Information provided:
┄┄┄┄┄┄
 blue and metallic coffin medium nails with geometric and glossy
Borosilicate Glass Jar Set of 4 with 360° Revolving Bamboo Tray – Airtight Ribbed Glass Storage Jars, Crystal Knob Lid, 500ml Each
┄┄┄┄┄┄
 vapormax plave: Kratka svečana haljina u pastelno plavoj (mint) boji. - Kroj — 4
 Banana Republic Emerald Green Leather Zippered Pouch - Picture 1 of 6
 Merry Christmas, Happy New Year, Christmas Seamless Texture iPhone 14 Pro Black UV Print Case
┄┄┄┄┄┄
Assignment:
Please copy, exactly and with nothing else, the lines above beginning at the line that has "vapormax plave: Kratka" and ending with the line that has "Merry Christmas, Happy".

Response area:
 vapormax plave: Kratka svečana haljina u pastelno plavoj (mint) boji. - Kroj — 4
 Banana Republic Emerald Green Leather Zippered Pouch - Picture 1 of 6
 Merry Christmas, Happy New Year, Christmas Seamless Texture iPhone 14 Pro Black UV Print Case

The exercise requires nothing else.